A todas horas y en todas partes veo una y otra vez al perro negro.

Trato de refugiarme en la historia de Selene, en su lucha contra el Tribunal, de la que hay numerosos testimonios en las crónicas de la época, y vuelvo a ver al perro; el pasado deja de ser un espejo de mis miedos. Se ha convertido en una cosa muerta que no tiene nada que ver conmigo. Porque el perro tiene todo que ver conmigo. Lo sé.

Cuentan que Selene hablaba con los lobos, que sabía conjurarlos y que un inmenso perro negro la acompañaba siempre. Algunos decían que era un lobo, otros que era el mismísimo Diablo.

Un perro grande como un pastor belga con mucho pelo. Creo verlo a todas horas, entre la niebla, en el humo de las chimeneas. Oigo cómo cae el agua de los canalones y se estrella en las piedras y allí, atravesando un campo de berzas, está el perro negro.

Me parece que es Satán pero, al acercarme, lo veo distinto. Echo a correr y el perro echa a correr. Me paro y él se para. Aparece y desaparece entre la bruma que sube del mar y la niebla que baja de las montañas.

Trato de seguirlo pero nunca lo encuentro hasta que, un día, persiguiéndolo, conozco al remero.

Corro por el sendero. Si consigo alcanzar al perro negro querrá decir que los que me buscan no podrán encontrarme. Si vuelvo a tocar al perro no ganarán los malos. No me cogerán. No, esta vez. No.

El sendero desemboca en una ría, veo la niebla que sube como el vapor de un guiso delicioso hacia el cielo gris. Y veo al remero.

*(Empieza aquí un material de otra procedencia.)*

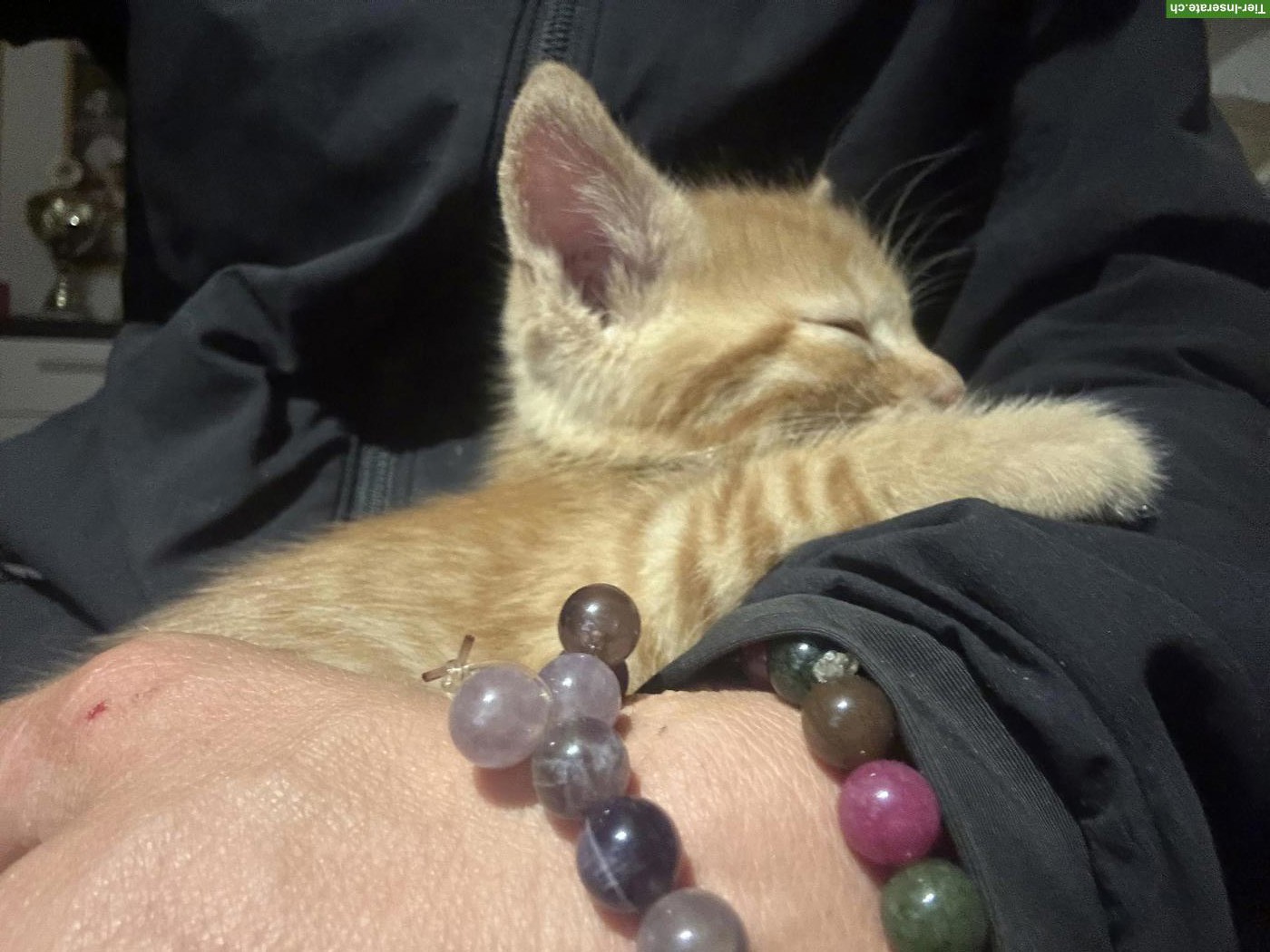 Bild 4: 2 rote Kitten Katerli (nur Freigänger) suchen ihr Zuhause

Me gusta la ría, me gusta la isla con el cementerio y el agua salada que fluye como un río. Vengo aquí cuando el sol se debilita y comienzo a ver al remero todas las tardes a la misma hora. Lleva un jersey azul. Estoy segura de que sus ojos son azules. Tiene un aire familiar, me parece que lo conozco de algo. Me recuerda al único amigo que tuve en mi infancia, el mismo que se marchó con sus padres a Bilbao a los nueve años. Desde que se fue, las montañas negras no volvieron a dejar pasar el sol hasta el valle. En aquel tiempo yo no sabía el nombre de la ría. Entonces aquellas montañas estaban llenas de lobos, de noche se les oía y era imposible adivinar si aullaban o gemían. Ya no hay lobos y sigo sin aprenderme el nombre de la ría. Sé que es el de una diosa que habitó aquí mientras los hombres creyeron en ella. Ya no creo en los dioses ni en las diosas. (Ya nadie cree en los dioses ni en las diosas). En la ría, estamos solos. Él y yo.

El remero se acerca de improviso y me sonríe, yo también le sonrío. Se acerca a la orilla y vuelve a alejarse, me acerco a la orilla y él se aleja. Parece un espejismo, pero un espejismo que se ríe.

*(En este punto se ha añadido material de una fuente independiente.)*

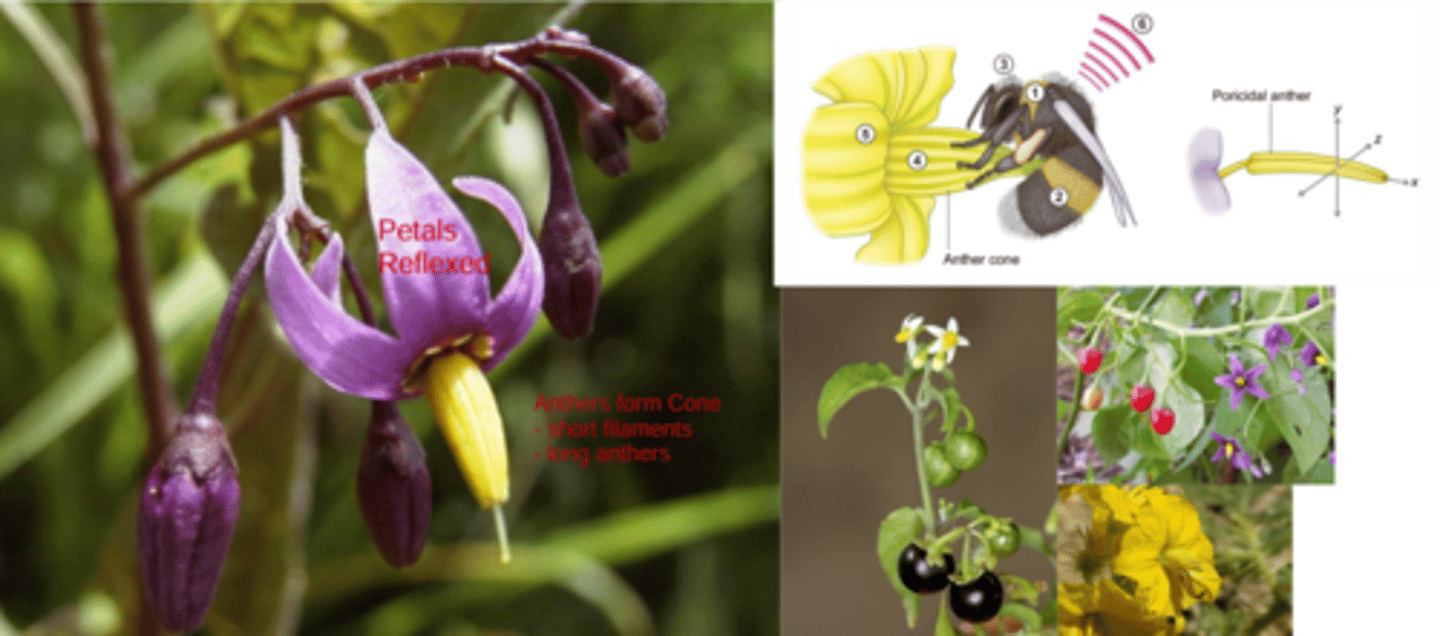 <p>What genus has these characteristics? </p><p>Reflexed Petals </p><p>Anthers form a cone (short filaments, long anthers)</p><p>Buzz Pollination (pollen only released from pores when anthers are “buzzed” or vibrated at right frequency by native bees) </p><p>The rest of the characteristics are typical of family: </p><p>1) Alternate </p><p>2) Regular </p><p>3) Variable </p><p>4) Berry </p>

El torso del remero sube y baja. Se notan sus músculos. Aunque está demasiado lejos, sé que tiene el ceño fruncido. No lo veo, lo adivino.

Los cuervos han empezado a volar en círculos sobre la vieja casa de la viuda Rius, la que murió sin decir palabra. Son letras en el aire. Letras negras que dudan, quieren formar una palabra en el cielo pero no se atreven.

Parecen notas musicales sobre un pentagrama de nubes oscuras esos cuervos que se reúnen de repente como si fueran roqueros. El cuervo es un ave solitaria. Le prestó buenos servicios a Edgar Alan Poe. Pero, en el mundo real, ya casi no se ve ninguno. Aquí las reinas siempre han sido las gaviotas. Los cuervos siempre han tenido mala prensa y las gaviotas siempre han sido populares. No soporto a las gaviotas. Ratas del aire, acaban con los peces indefensos de la bahía. Me gustan en cambio los cuervos. No le hacen daño a nadie. Pero son impopulares. No se les quiere. Como a mí.